Teaching machines to talk to each other so that their capacity utilization can be improved - this kind of operation just might keep us in the world wide economic race.

News 100 blueBy Pepper Parr

April 7, 2015

BURLINGTON, ON

Our interview with Dave McPhail took a little longer than we expected – McPhail was hunched over his keyboard “developing his relationship” with Cisco in a conference call.

Dave McPhail Memex Automation

Dave McPhail walking past some of his commercial peers as he prepares to show off the technology his firm markets.

Throughout the conversation phrases like “tribal knowledge” and “the “embedded data dictionary” were tossed around. McPhail talked about “product aggregation” and how he was taking data and information from the shop floor and putting it in front of senior management in real time – when there was a problem, management knew about the problem when it was happening.

Instead of the engineering department in a large manufacturing operation having to wait until reports that got to them the following day or at the end of the shift – they were now able to head out to the shop floor and fix the problem immediately.

Memex, a company that McPhail bought out of receivership and brought in John Rattray as an operating partner along with two silent partners who have since been bought out. They set out to first create a product that didn’t exist before and then market it by establishing partnerships with corporations that had clout and brand recognition which would give Memex a lead that would be hard to catch up to.

Memex isn’t disrupting an existing market – they are creating something that didn’t exist before
McPhail isn’t giving his clients all that much in the way product – what he is doing is giving them tools that allow them to capture data in real time and put it to use immediately.

This says McPhail is a significant cultural shift in manufacturing. McPhail claims to be able to give his clients a return on capital in three to four months – a time frame that astounds many and they don’t take the time to listen to us. The hope for McPhail and the rest of the Memex team is that there are enough early adopters to keep them alive. At some point we will become the standard.

McPhail doesn’t have an MBA, isn’t a university graduate. He earned a diploma from Humber College and set out to do what every entrepreneur does – create wealth.

Memex - Wallace - Goodyear - McPhail - CTO

Memmex president Dave McPhail explains what Merlin, an electronic device can do for manufacturing operations.

The Gazette first met McPhail when he was playing host to MP Mike Wallace who was announcing an $800,000 loan to the company as part of the federal government program.

Memex is a public company traded on the Venture side of the Toronto stock Exchange. Senior management recently issued 1.25 million options to its five member senior management team.

The company refers to the M2M (machine to machine) productivity software they provide as Merlin; it is used by a number of leading manufacturers. The market we are creating is worldwide said McPhail

One of the pleasures for McPhail is the McMaster University DeGroote campus on the south Service Road – a five minute drive from McPhail’s operation on Harvester Road. The plans to create a technological hub on campus where products can be shown to clients is a real plus for McPhail.

We have all kinds of case studies but when someone can see in real time what we do – that’s a big plus and if McMaster can make this idea of theirs work – we are with them.

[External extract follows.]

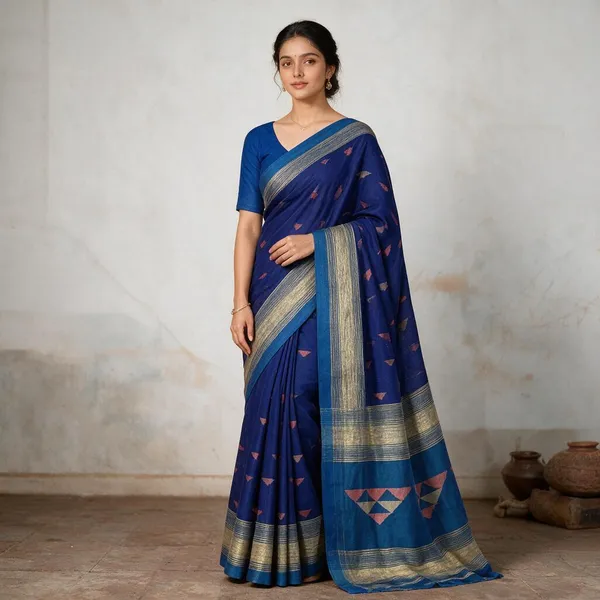 Royal_Blue_Temple_Border_Cotton_Silk_Handloom_Saree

Memmex announced half a million in sales during the first quarter of 2015 – they have a stock price that ranges between five to twenty cents a share – always well above a dime a share.

McPhail with Merlin

Dave McPhail with a version of Merlin in his hands – the device that captures data real time and delivers it to senior management who can make instant decisions.

Memex was founded in 1992 with a vision to improve the way automated machine tools work and connect on the factory floor. McPhail bought it out of receivership and has brought it to the point where they are at least contenders in the market they are working.

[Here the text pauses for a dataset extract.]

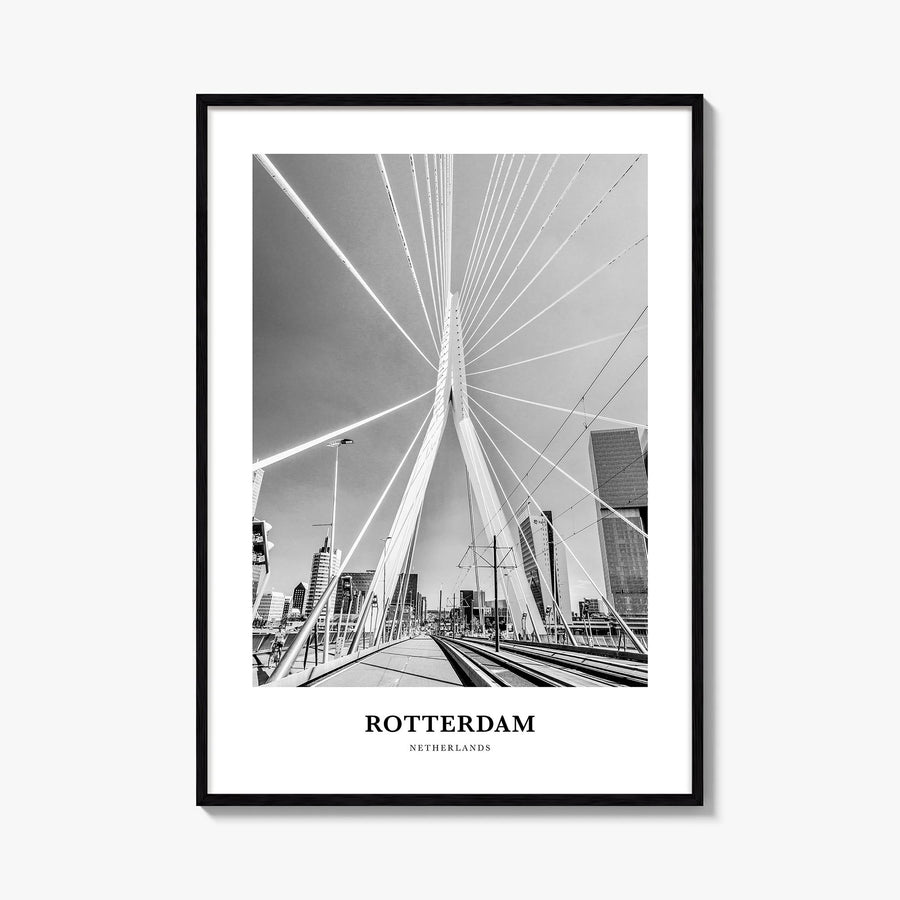 Rotterdam no. 1 black & white classic poster of Netherlands – vertical wall art, unframed print shown in interior mockup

The company started manufacturing electronic circuit boards for memory and connectivity and evolved into Memex Automation. The vision has expanded to include the networking of all machine tools so that they can communicate with the computers in the administration office. At some point the network may be extended to the Internet, allowing productivity and other statistics to be emailed to a device, or computer anywhere in the world.

WO yellowGetting to the point where they can issues stock options to the senior management team was not easy. McPhail gives the Niagara One Angel Investors group a huge thanks for their early support and tells you what every entrepreneur says: Canadians don’t take out their cheque books as easily as Americans – we are a risk adverse country and McPhail thinks we are paying a price for our complacency.

Meanwhile McPhail plugs away at what he loves doing – improving the way manufacturing operations can access and use the data that is sitting out there on the shop floor and put in the hands of people who know what to do with that information.

Machine learning: taking the data that is collected from a machine and running it through an algorithm is the next step in the manufacturing learning curve that McPhail sees as part of the Memex product service offering.

The federal loan is going to allow Memex to hire an additional 16 people. We have very good working relationships with Mohawk College and the University of Waterloo – we bring in students from their co-op program said McPhail – most of them work out very well.

85% of the market Memex is outside Canadian borders – and not just south of the border –  this is a worldwide manufacturing opportunity. We intend to own the market before others realize just what we are doing” said McPhail. The words of a committed serial entrepreneur.